I think what John Willis was trying to tell us is that it's time for another question. First to provide the correct answer gets a prize.
The question is:
What breed of horse was issued to Companies A, C, and K, 2d Cavalry, at the remount depot at Jolo, Philippine Islands, 1904-05?
Good luck trying to find the answer to THIS question!
Not sure if that is even a breed, Shannon. Would make for a great story though.
Dave,It probably is not a breed I was going to say thoroughbreds and then I saw this story,http://www.polomuseum.com/history_of_polo.htm
In the war years section of the story.
Good article, but it insinuates Teddy Roosevelt had horses during his charge up San Juan Hill, which he did not.
I found this article, The Army did not buy a "breed" of horse they bought a "type" of horse.
Prior to the Spanish-American War remounts were procured mostly by agents for the Quartermaster of the Army. The desires of the Colonel of the regiment to receive the horses were very important. Often agents were used to procure horses for a regiment, with a board of officers appointed to inspect and select remounts from the horses offered. This program proved unworkable druring the Span-Am War and was replaced with the Remount Service.
Note that during this time there was a furious debate over the "ideal cavalry horse." Warfare was changing dramatically (with the introduction of long ranged artillery, repeating rifles, and automatic weapons). The traditional Cavalry roles were often being filled by Dragoons, Mounted Infantry, and Mounted Rifles. Each use required a slightly different type of horse. During the Boer War in South Africa the British had appalling wastage of horses, particularly from Europe. Those from the Americas, India, and Australia did much better on the South African Veldt. This, also, influenced the type of horse each army would procure.
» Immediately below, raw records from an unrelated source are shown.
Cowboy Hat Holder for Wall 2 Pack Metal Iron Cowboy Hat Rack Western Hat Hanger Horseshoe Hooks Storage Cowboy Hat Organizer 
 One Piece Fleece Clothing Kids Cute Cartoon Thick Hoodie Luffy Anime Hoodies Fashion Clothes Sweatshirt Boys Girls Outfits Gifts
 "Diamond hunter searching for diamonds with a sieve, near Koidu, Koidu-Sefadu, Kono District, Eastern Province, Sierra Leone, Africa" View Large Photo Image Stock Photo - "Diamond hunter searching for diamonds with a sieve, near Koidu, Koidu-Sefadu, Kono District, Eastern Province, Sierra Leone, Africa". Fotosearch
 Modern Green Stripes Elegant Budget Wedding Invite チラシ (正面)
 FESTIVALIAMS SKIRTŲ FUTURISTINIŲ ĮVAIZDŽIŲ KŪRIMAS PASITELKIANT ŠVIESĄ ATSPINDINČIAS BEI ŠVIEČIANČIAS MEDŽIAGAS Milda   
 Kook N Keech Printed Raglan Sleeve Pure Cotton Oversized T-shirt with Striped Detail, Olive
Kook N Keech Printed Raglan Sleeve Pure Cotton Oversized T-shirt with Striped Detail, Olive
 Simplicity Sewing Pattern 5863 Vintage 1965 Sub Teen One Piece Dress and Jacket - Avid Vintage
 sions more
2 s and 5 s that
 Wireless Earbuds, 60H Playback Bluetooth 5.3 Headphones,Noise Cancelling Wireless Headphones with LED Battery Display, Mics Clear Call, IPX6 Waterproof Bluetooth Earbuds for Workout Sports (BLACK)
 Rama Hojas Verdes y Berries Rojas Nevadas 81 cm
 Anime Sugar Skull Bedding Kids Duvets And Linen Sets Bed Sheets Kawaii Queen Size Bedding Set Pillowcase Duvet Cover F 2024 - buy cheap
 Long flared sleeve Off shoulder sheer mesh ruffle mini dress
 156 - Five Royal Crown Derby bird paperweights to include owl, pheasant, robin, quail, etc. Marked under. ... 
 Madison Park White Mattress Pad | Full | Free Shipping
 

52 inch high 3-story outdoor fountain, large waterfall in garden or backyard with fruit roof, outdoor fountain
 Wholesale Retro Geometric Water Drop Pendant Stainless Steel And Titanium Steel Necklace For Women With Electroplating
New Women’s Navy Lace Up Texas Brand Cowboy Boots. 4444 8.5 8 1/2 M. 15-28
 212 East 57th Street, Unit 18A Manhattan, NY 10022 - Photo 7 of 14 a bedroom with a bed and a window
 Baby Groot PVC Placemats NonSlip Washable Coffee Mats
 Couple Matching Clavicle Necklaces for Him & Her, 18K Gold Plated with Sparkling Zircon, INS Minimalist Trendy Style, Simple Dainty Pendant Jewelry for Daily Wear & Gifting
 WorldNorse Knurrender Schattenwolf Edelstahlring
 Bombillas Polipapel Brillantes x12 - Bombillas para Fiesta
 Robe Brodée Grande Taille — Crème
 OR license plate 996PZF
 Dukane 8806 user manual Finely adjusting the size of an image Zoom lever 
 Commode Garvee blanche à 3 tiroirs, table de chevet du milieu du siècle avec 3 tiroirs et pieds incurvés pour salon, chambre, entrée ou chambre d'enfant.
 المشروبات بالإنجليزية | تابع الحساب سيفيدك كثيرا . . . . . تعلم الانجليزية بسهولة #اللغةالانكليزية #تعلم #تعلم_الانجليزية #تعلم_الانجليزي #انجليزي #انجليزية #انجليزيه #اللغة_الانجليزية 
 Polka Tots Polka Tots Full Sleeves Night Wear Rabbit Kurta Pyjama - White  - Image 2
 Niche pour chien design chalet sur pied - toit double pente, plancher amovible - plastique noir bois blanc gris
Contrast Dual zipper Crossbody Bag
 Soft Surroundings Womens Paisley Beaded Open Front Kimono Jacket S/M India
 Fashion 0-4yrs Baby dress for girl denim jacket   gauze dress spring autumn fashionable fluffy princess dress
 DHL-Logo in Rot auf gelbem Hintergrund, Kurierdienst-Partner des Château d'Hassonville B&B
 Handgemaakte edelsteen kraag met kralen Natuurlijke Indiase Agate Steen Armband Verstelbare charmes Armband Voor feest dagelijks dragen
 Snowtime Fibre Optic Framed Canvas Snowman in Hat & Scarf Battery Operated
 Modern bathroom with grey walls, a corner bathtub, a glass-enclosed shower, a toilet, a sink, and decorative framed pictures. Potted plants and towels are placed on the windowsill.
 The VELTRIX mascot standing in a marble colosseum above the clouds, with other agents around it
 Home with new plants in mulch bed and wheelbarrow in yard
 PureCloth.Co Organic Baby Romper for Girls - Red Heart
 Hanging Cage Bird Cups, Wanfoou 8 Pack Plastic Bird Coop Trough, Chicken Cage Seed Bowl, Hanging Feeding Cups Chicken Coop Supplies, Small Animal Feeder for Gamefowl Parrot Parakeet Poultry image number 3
From the Spanish-American War onward the Remount Service specified a "Thoroughbred-type" horse as it's ideal standard. A large number of good stallions were placed around the U.S. Anyone could breed to these stallions and if a stallion was produced the Army had a "right of purchase at market value" on the get. In fact not all that many were bought, but part of the program was to have a good supply of good horses available in the event of a war. This paid some dividends in WWI, even though there was little Cavalry action in Europe.
And, as Tamara has noted, it had a profound effect on the development of the AQH.
For saddle use, 90%+ of the stallions were TBs, with the remainder being mostly Arabians and Morgans (those being donated to the Army).
There was also a demand for Field Artillery horses and Morgans were favored for this work. For heavier guns draft horses were used (until replaced by mechanical tow devices).
One place you can find some information that might be useful to you is the Society of the Military Horse. Google it and you'll find the site and forum. There are a number of threads there and some knowledgeable folks who can answer some of your questions.
Been a member of the Society of the Military Horse site for several years. Don't agree with the WW I reference though. The 2d Cavalry, who were the only ones to fight mounted on horseback during WW I, had to scrounge for broken down French farm animals to ride as no horses were brought from the States.
Consider the location before taking a guess. We're talking about the Philippines. Pretty hard to ship horses there from the US.
From what I can find it seems that all Filipino breeds originated from the Andalusian and a Chinese mare, as well as Arabian stallions, Mexican mustangs, Timor ponies thrown into the mix and my source also says some American thoroughbreds were introduced into the mix, not sure if that was before or after the date of our campaign in the Philippines and the breed I came up with is the Kabayo. Is that anywhere close?